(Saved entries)
........
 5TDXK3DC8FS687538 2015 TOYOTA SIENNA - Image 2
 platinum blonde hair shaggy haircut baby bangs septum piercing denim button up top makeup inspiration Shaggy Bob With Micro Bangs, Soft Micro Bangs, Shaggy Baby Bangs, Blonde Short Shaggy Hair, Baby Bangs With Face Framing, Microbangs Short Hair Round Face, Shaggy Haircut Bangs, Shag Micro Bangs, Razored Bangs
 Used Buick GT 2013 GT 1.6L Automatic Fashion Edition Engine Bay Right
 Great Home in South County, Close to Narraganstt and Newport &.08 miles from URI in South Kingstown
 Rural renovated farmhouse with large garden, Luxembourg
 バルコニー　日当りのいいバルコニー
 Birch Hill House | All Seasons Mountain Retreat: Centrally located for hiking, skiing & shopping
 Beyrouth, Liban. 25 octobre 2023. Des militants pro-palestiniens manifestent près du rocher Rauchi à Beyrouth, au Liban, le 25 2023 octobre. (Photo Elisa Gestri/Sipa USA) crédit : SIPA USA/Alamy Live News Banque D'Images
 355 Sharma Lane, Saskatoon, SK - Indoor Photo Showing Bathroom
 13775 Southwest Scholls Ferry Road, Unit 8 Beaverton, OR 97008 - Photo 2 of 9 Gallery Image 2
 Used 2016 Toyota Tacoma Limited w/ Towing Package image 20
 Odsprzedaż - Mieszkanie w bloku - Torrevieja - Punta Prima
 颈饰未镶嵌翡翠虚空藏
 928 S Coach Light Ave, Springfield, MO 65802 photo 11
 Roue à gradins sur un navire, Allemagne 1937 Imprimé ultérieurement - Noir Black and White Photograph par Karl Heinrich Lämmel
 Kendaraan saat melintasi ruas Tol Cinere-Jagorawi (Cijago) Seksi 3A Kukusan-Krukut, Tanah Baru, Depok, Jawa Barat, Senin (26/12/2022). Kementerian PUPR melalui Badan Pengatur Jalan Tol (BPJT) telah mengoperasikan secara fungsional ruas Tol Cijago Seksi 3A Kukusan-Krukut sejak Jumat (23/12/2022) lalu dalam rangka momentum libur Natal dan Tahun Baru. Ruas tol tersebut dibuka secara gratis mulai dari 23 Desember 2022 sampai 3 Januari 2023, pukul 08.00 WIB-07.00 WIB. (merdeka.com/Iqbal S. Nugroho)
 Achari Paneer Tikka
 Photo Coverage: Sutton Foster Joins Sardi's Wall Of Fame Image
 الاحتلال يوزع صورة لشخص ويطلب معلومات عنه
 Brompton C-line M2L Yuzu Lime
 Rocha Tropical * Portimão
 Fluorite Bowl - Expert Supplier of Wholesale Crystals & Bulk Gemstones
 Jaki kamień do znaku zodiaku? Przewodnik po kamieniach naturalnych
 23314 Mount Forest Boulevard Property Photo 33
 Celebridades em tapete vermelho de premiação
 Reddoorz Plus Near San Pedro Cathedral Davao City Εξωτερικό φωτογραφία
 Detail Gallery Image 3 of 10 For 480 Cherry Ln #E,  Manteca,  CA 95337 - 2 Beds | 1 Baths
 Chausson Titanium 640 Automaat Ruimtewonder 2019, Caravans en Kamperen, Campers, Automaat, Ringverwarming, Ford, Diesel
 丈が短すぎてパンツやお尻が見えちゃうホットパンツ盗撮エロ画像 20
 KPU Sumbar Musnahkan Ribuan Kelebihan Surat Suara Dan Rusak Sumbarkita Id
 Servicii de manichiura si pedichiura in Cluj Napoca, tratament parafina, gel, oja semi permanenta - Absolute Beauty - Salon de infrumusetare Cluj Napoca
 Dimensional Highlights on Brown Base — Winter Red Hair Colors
........
### WHAT TO WORK ON:
Transcribe, word for word, the data above from its first line through the line with "Roue à gradins", and include nothing else.

### SOLUTION TO THIS EXERCISE:
 5TDXK3DC8FS687538 2015 TOYOTA SIENNA - Image 2
 platinum blonde hair shaggy haircut baby bangs septum piercing denim button up top makeup inspiration Shaggy Bob With Micro Bangs, Soft Micro Bangs, Shaggy Baby Bangs, Blonde Short Shaggy Hair, Baby Bangs With Face Framing, Microbangs Short Hair Round Face, Shaggy Haircut Bangs, Shag Micro Bangs, Razored Bangs
 Used Buick GT 2013 GT 1.6L Automatic Fashion Edition Engine Bay Right
 Great Home in South County, Close to Narraganstt and Newport &.08 miles from URI in South Kingstown
 Rural renovated farmhouse with large garden, Luxembourg
 バルコニー　日当りのいいバルコニー
 Birch Hill House | All Seasons Mountain Retreat: Centrally located for hiking, skiing & shopping
 Beyrouth, Liban. 25 octobre 2023. Des militants pro-palestiniens manifestent près du rocher Rauchi à Beyrouth, au Liban, le 25 2023 octobre. (Photo Elisa Gestri/Sipa USA) crédit : SIPA USA/Alamy Live News Banque D'Images
 355 Sharma Lane, Saskatoon, SK - Indoor Photo Showing Bathroom
 13775 Southwest Scholls Ferry Road, Unit 8 Beaverton, OR 97008 - Photo 2 of 9 Gallery Image 2
 Used 2016 Toyota Tacoma Limited w/ Towing Package image 20
 Odsprzedaż - Mieszkanie w bloku - Torrevieja - Punta Prima
 颈饰未镶嵌翡翠虚空藏
 928 S Coach Light Ave, Springfield, MO 65802 photo 11
 Roue à gradins sur un navire, Allemagne 1937 Imprimé ultérieurement - Noir Black and White Photograph par Karl Heinrich Lämmel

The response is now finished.